### Aim of the task
Transcribe the entries below exactly, starting with the line that has "Chalana, a feira" and stopping after the line that has "12 revistas LIFE años 50"; no pictures belong in the copy.

(Materials provided)

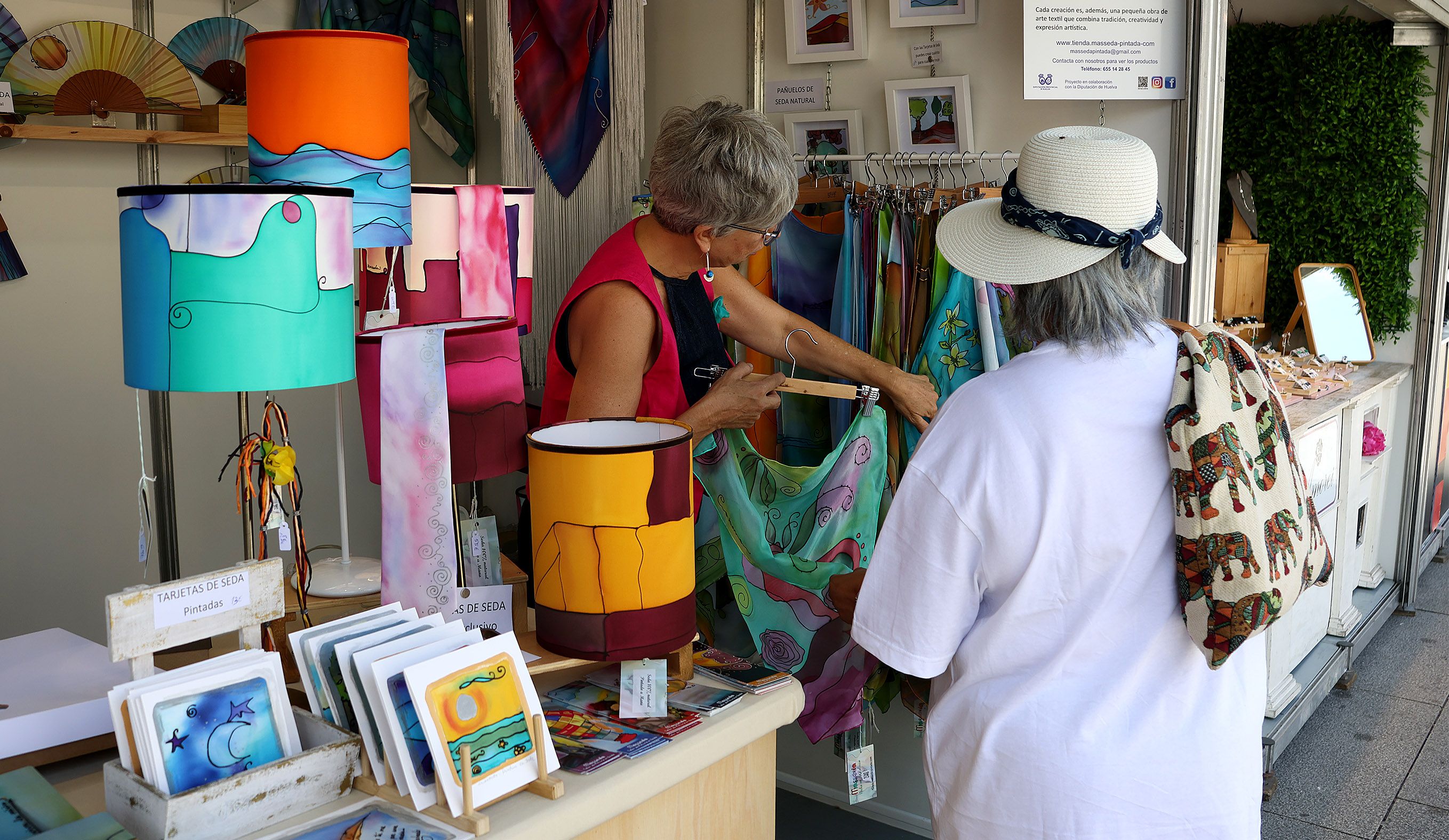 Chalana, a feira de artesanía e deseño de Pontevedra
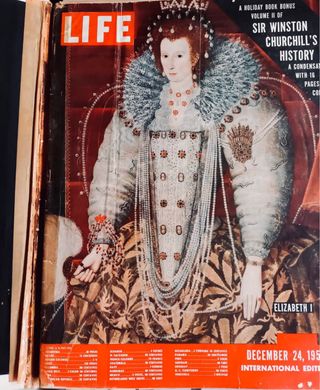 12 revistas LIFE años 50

(End Materials provided)
(Materials provided)

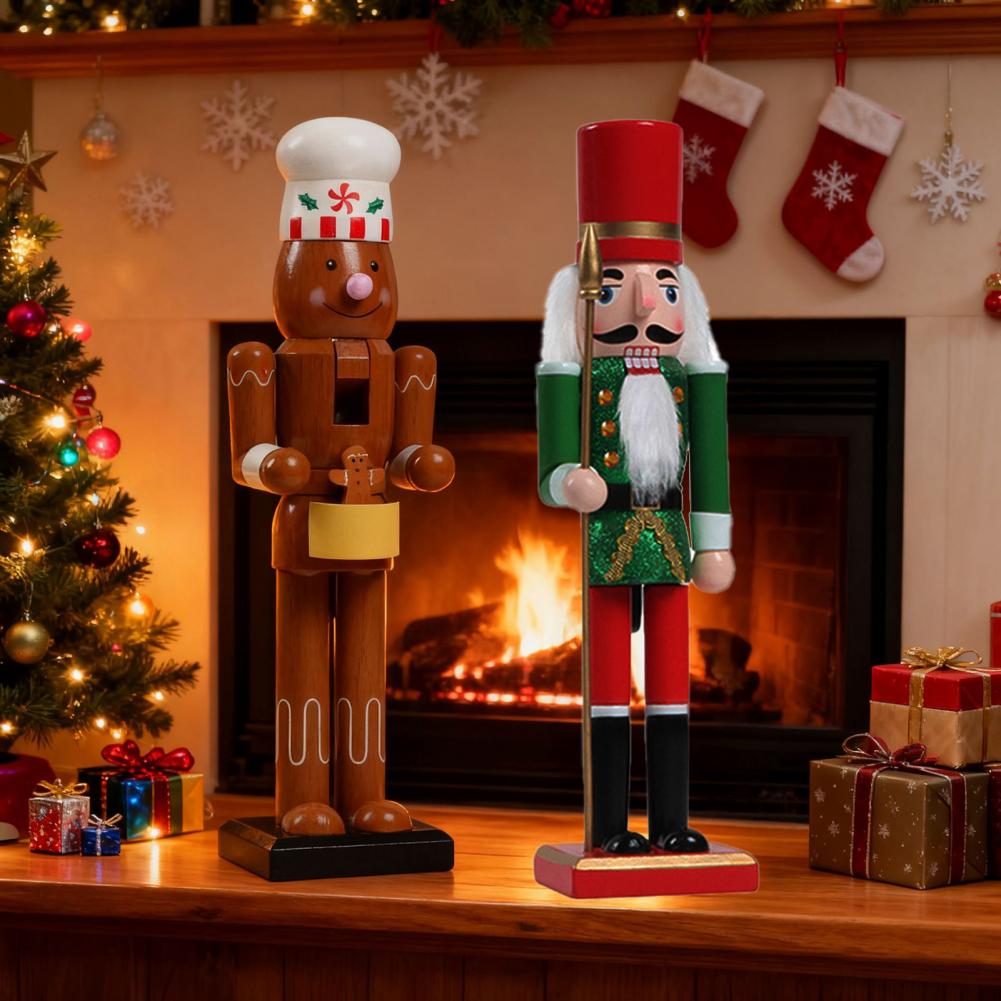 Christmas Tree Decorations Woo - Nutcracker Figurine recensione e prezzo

(End Materials provided)

### Reply to the exercise
 Chalana, a feira de artesanía e deseño de Pontevedra
 12 revistas LIFE años 50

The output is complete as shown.